There is no evidence that abortion ever improves women’s mental health.
In a 2013 literature review and meta-analysis, the prominent and self-identified pro-choice researcher David Fergusson concluded, “There is no available evidence to suggest that abortion has therapeutic effects in reducing the mental health risks of unwanted or unintended pregnancy.”
Notably, one well-known survey of a small cohort of women who sought abortions beyond legal gestational age limits, and were therefore turned away (the “Turnaway Study”), did report that women who were unable to get abortions had slightly more anxiety and lower self-esteem one week later. However, this difference was greatest for women who were still seeking abortions, and the differences diminished over time. Despite the significant biases in and limitations of the study, including a high drop-out rate, no other mental health differences were identified over the five-year study period. The results also showed that women who obtained abortions reported high rates of regret, guilt, sadness, and PTSD.

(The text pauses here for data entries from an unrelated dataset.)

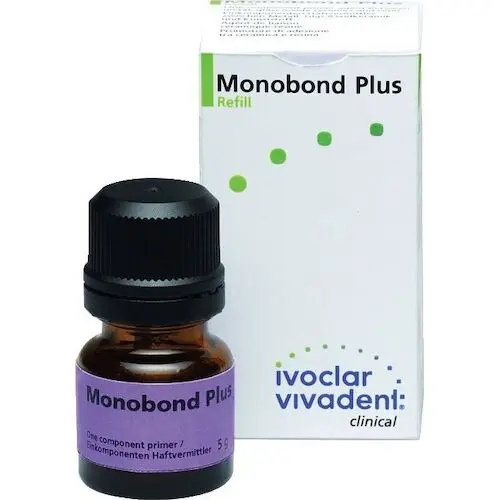 Ivoclar Vivadent Monobond Plus Universal Restorative Primer, 5 g Bottle, 626221 - Monobond Plus Refill Bottle (5G) - Image 1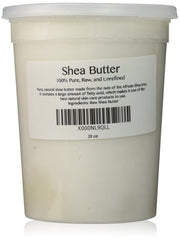 Skin Beauty Essentials Shea Butter ivory color close-up for nourished skin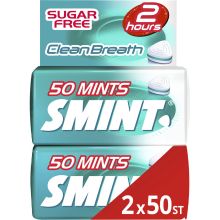 Smint XL pepermunt duo   35 g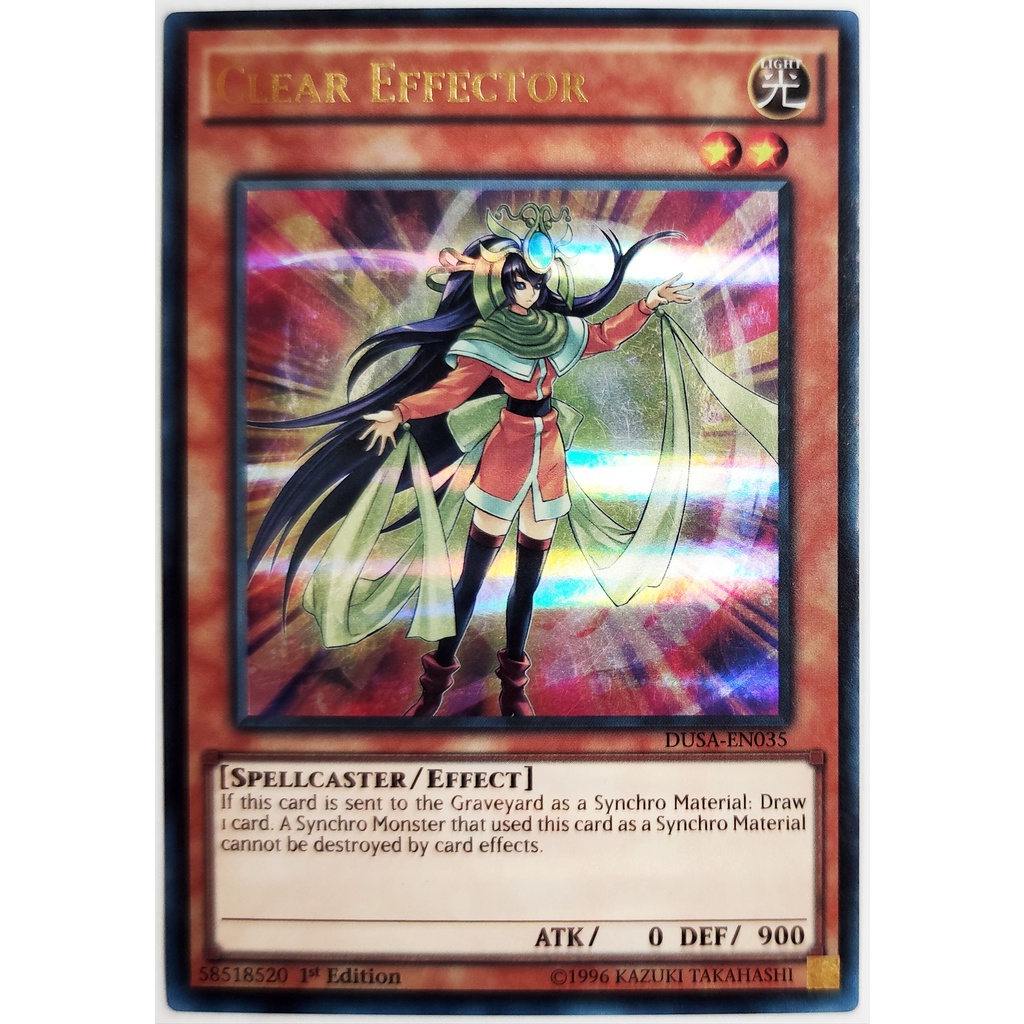 [Thẻ Yugioh] Clear Effector |EN| Ultra Rare (5D's)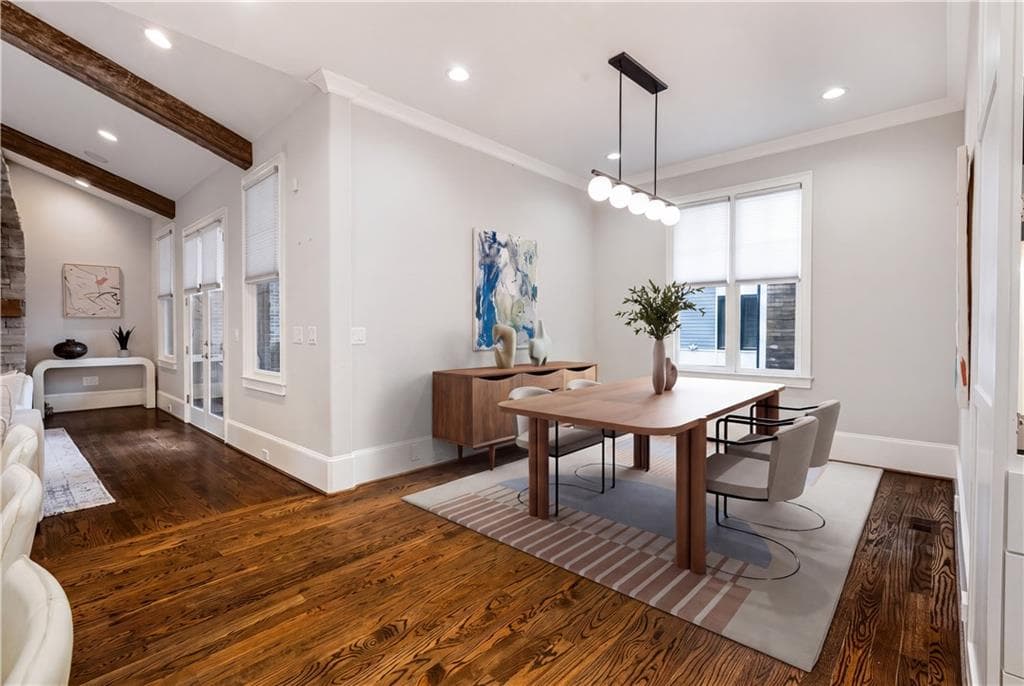 3 bedroom, 5 bathroom, 3,884 sq ft single family residence for sale at 512 A Rankin Street, Atlanta, GA 30308 — photo 6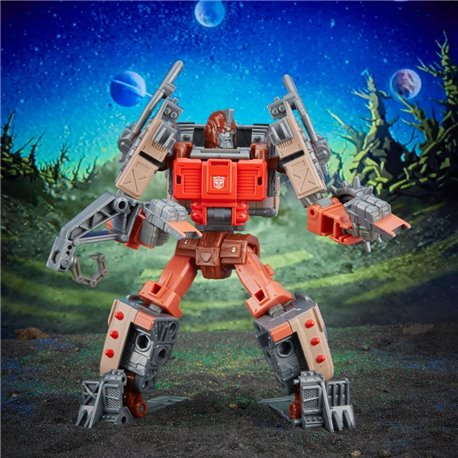 Transformers Legacy Evolution Scraphook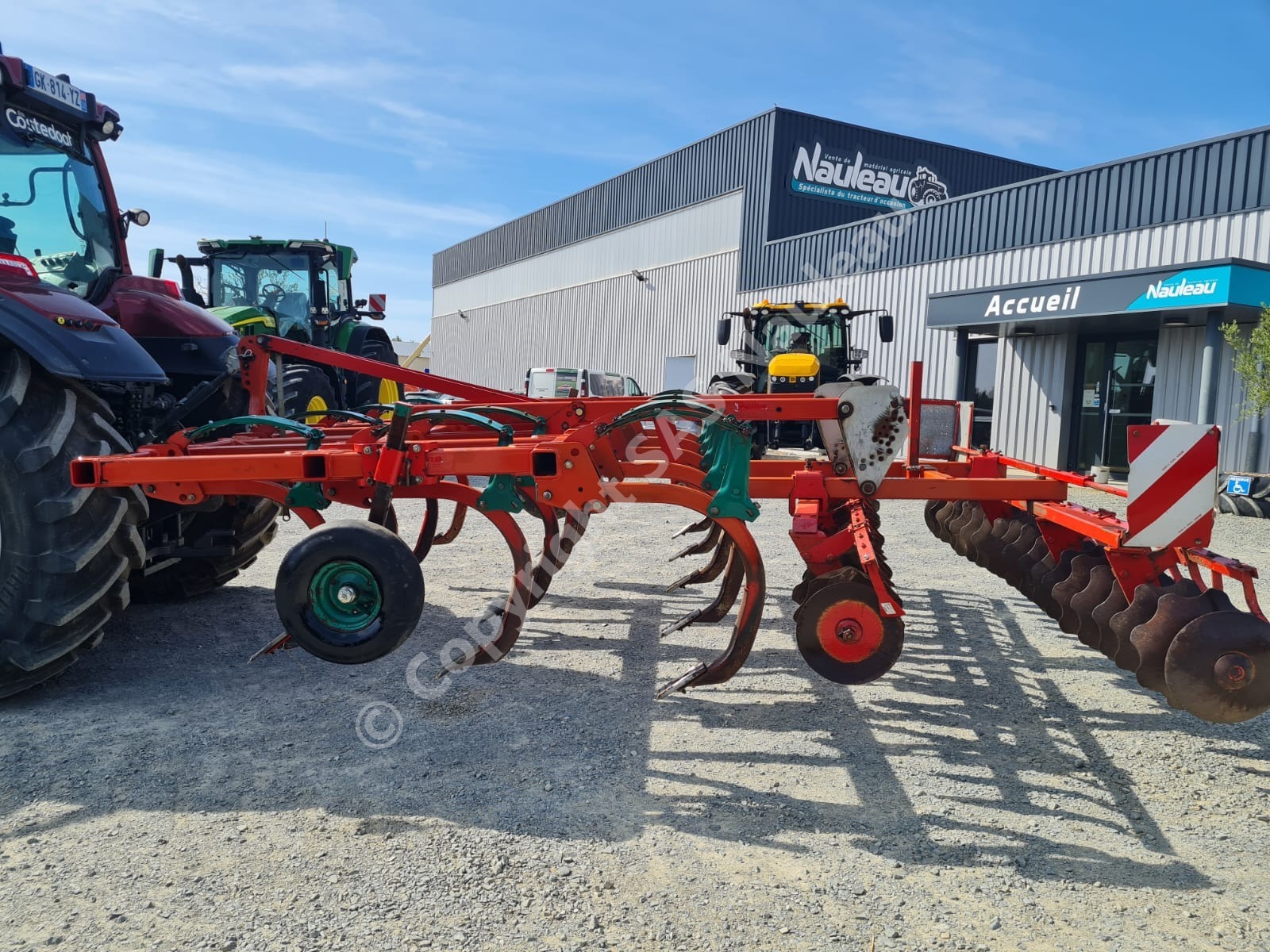 KVERNELAND CLC 3.5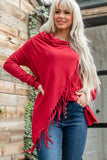 Admire Me Cowl Neck Wrap Cardigan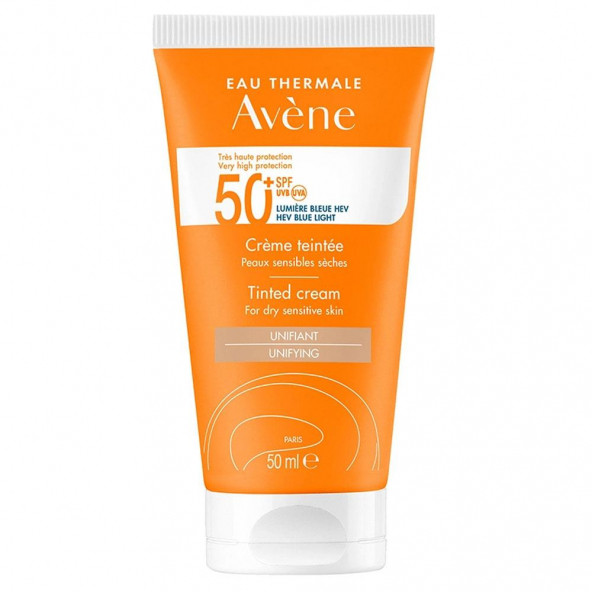 Avene Solaire SPF 50+ Renkli Güneş Kremi 50 ml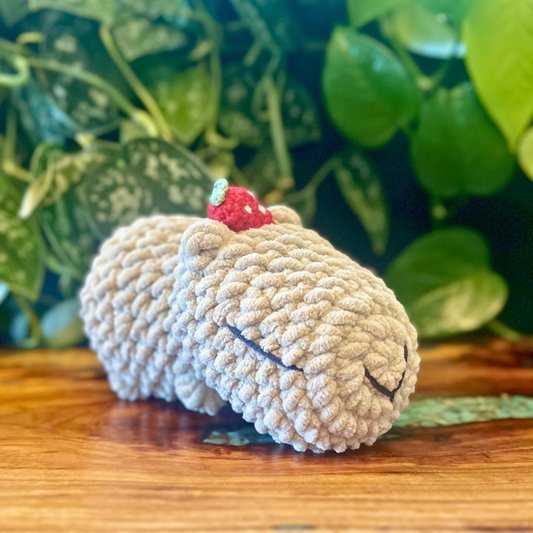 Capybara w/ Strawberry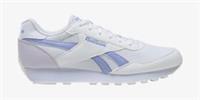 UK size 4 - reebok classic rewind run walking trainers off white lilac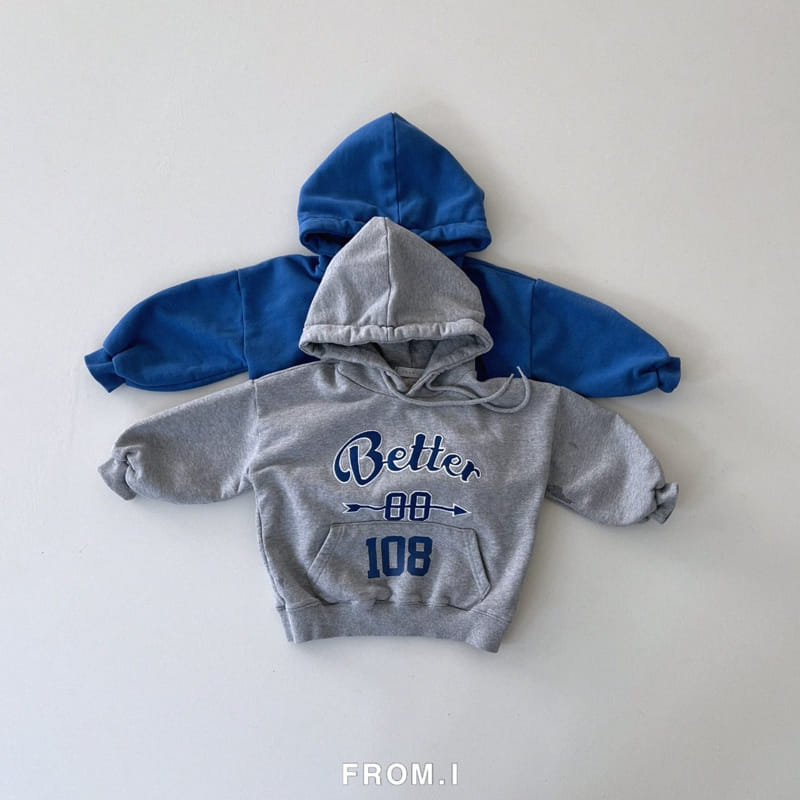 From I - Korean Children Fashion - #childofig - Better Hoody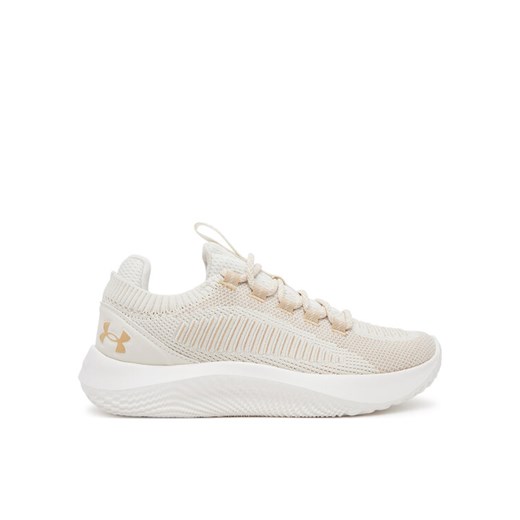 Buty na siłownię Under Armour Ua W Dynamic 2 3028077 Beżowy ze sklepu eobuwie.pl w kategorii Buty sportowe damskie - zdjęcie 182103869
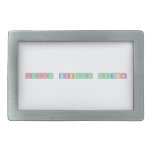 HAPPY BIRTHDAY ADELINE  Belt Buckle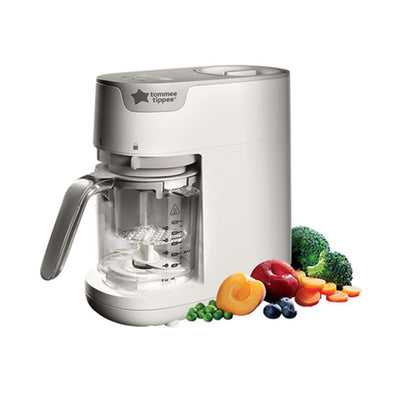 Tommee Tippee Quick Cook Baby Food Steamer Blender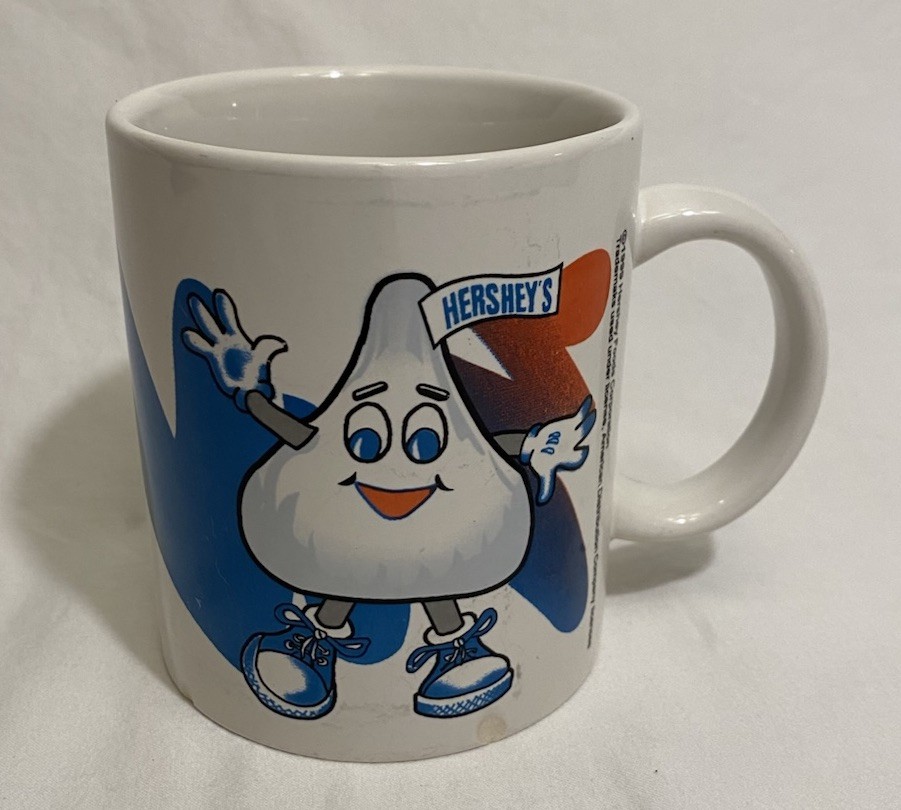 Hershey’s Ceramic Coffee Mug 12oz VINTAGE-1999 EUC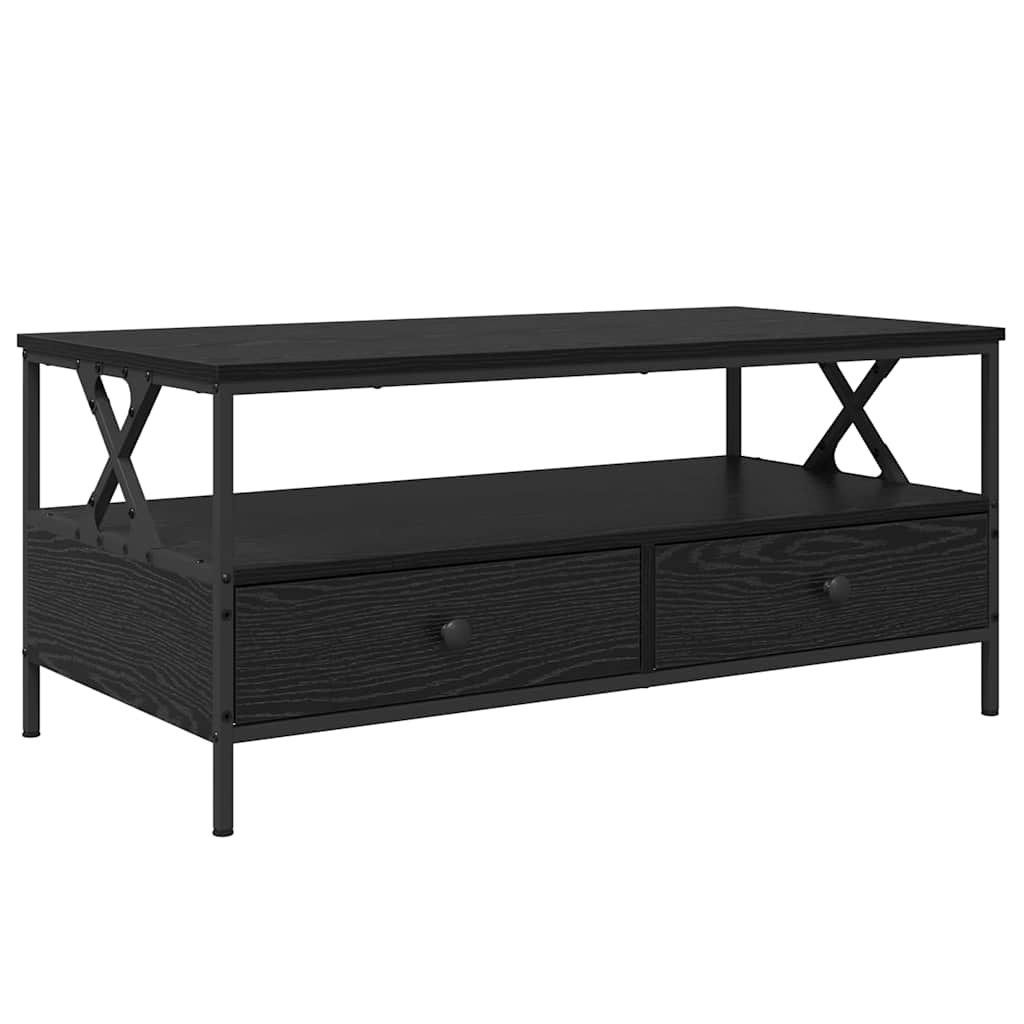 Dohányzóasztal Musta tammi 100 x 51 x 45 cm Szerelt fa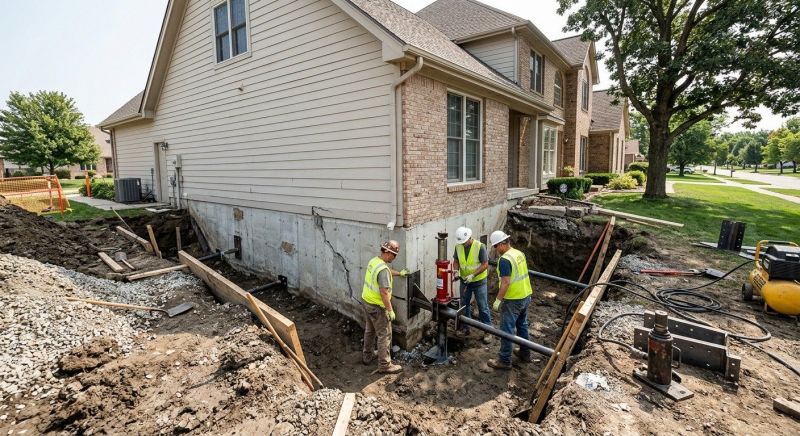 Concrete Foundation Repair Service
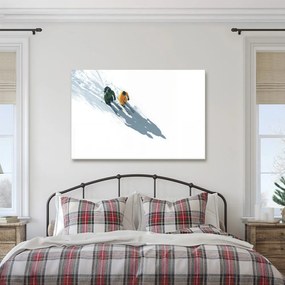 Картина на платно – Заснежено планинско каране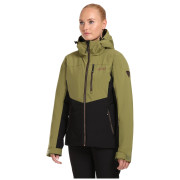 Chaqueta de mujer Kilpi Flip-W verde GRN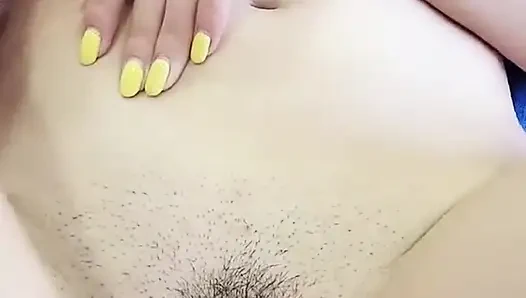 My hot fingering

There is no evidence to suggest that abortion ever directly benefits women’s mental health. In contrast, nearly every study has found that abortion is linked to more mental health problems in women, especially those who have one or more of the known risk factors. While nearly all psychological conditions are multifactorial, abortion can be a contributing factor in mental illness for some women, and numerous studies controlling for prior mental health issues have indicated that abortion is an independent risk factor for more mental health problems.